Captioned web images
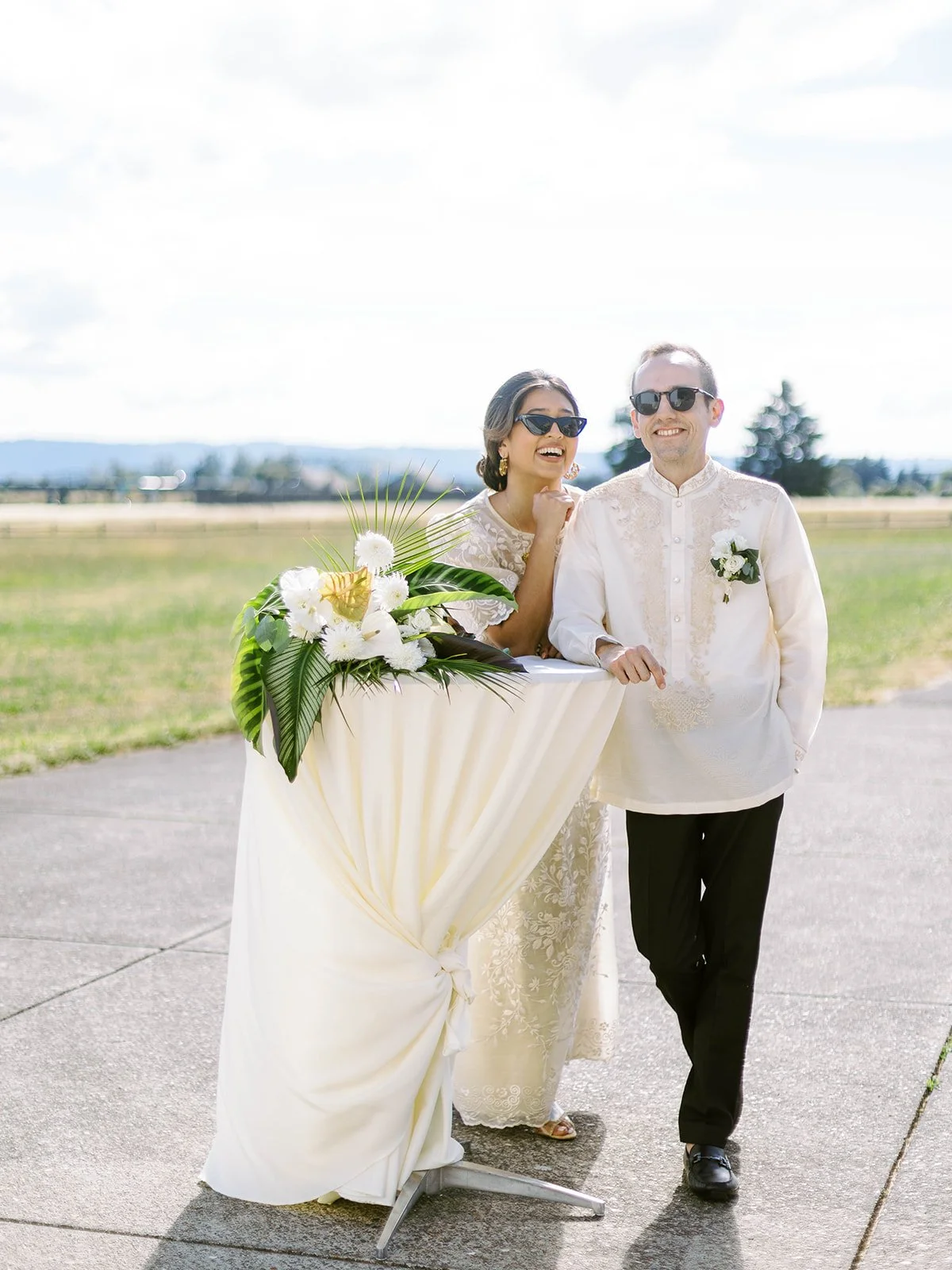 Bride laughing while leaning on a tropical floral-decorated cocktail table beside the groom on the airfield tarmac
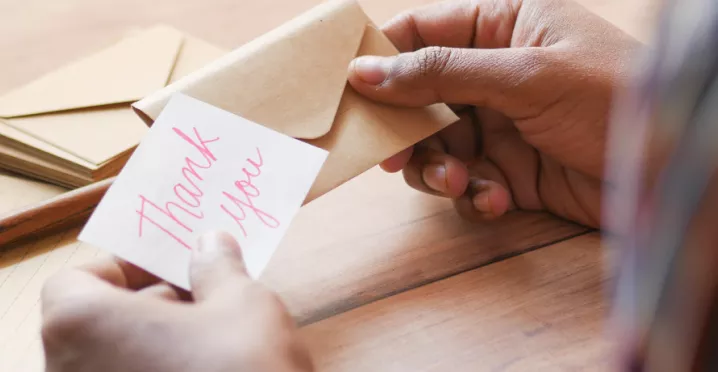 Image shows a person putting a note that says "thank you" into an envelope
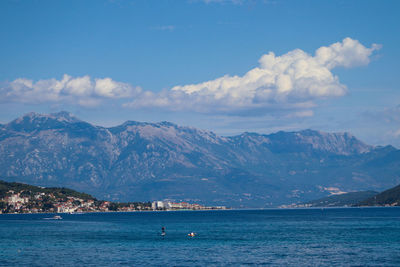 Scenic view of sea and mountains against sky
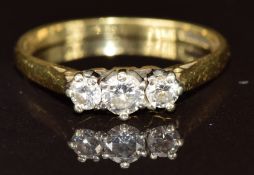 An 18ct gold ring set with three diamonds, 2.1g, size K/L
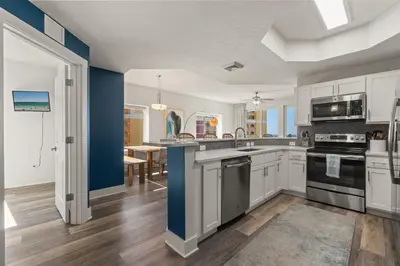 a kitchen with white cabinets and blue walls at New Calypso Beach Resort Corner Unit Sleeps 8! by Dolce Vita Getaways PCB in Panama City Beach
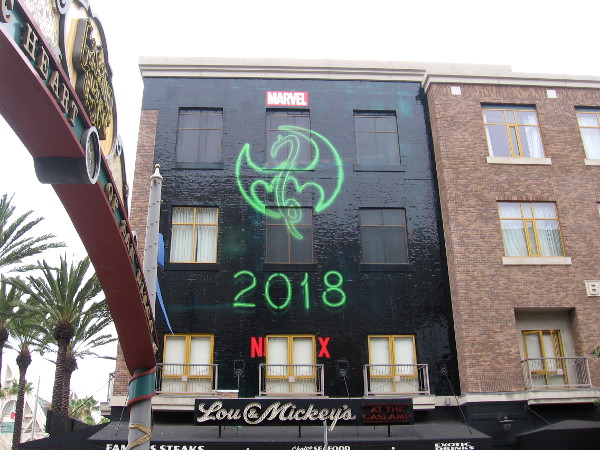 The symbol for Marvel hero Iron Fist in a building wrap near the Gaslamp Quarter landmark sign.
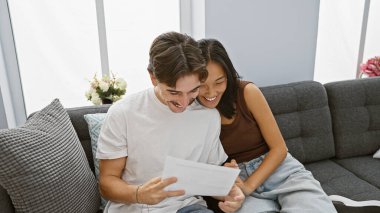 Mutlu bir ırklar arası çift modern bir oturma odasındaki kanepede birlikte doküman okuyor, neşe ve beraberliği ifade ediyor..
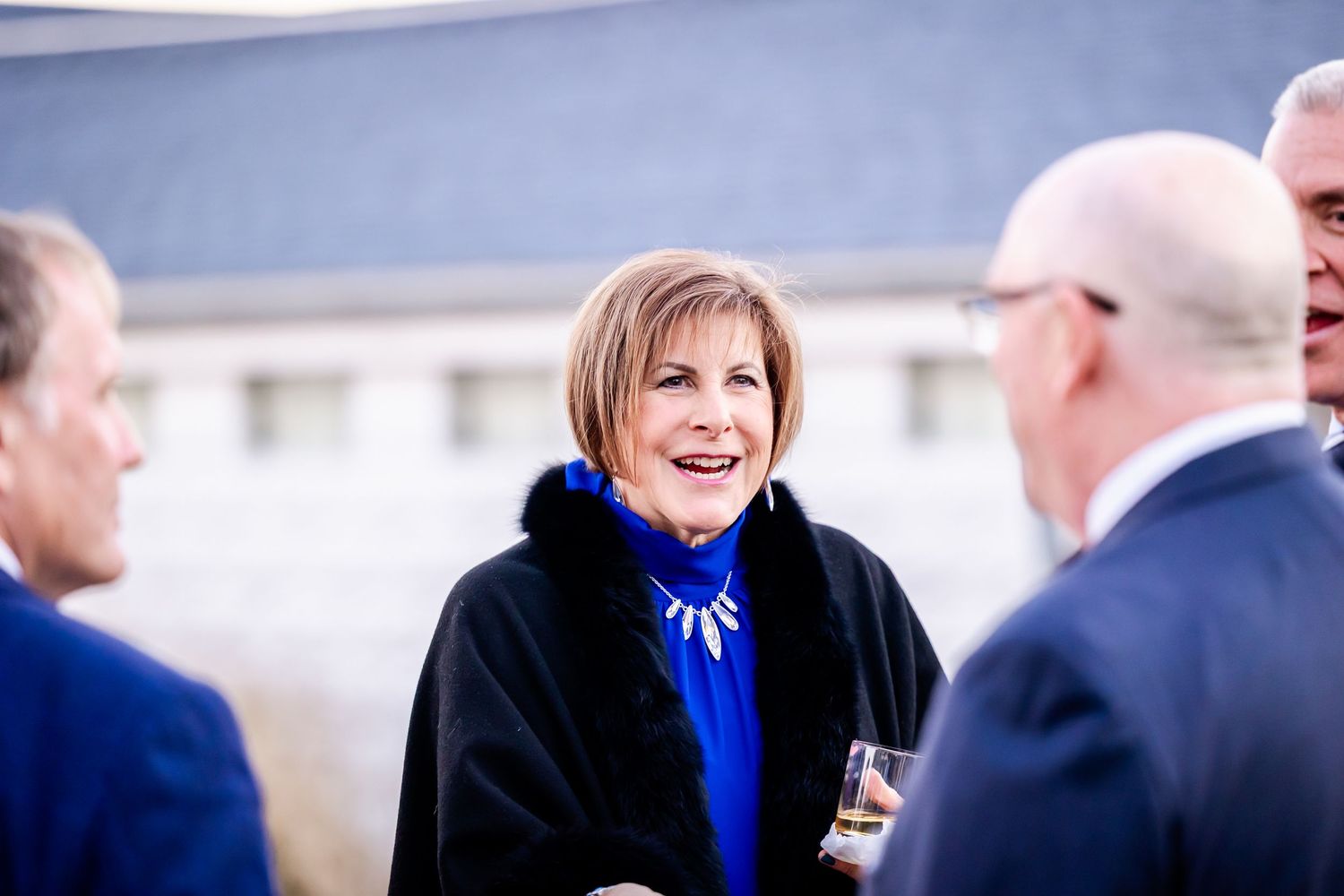 Woman in blue outfit and black cape smiling at an outdoor social gathering with other guests.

TASK TO COMPLETE: Give the data above back unchanged, except for the pictures.

WRITTEN SOLUTION:
 Bride laughing while leaning on a tropical floral-decorated cocktail table beside the groom on the airfield tarmac
 Image shows a person putting a note that says "thank you" into an envelope
 Scenic view of sea and mountains against sky
 An 18ct gold ring set with three diamonds, 2.1g, size K/L
 a kitchen with white cabinets and blue walls at New Calypso Beach Resort Corner Unit Sleeps 8! by Dolce Vita Getaways PCB in Panama City Beach
 The symbol for Marvel hero Iron Fist in a building wrap near the Gaslamp Quarter landmark sign.
 Mutlu bir ırklar arası çift modern bir oturma odasındaki kanepede birlikte doküman okuyor, neşe ve beraberliği ifade ediyor..
 Woman in blue outfit and black cape smiling at an outdoor social gathering with other guests.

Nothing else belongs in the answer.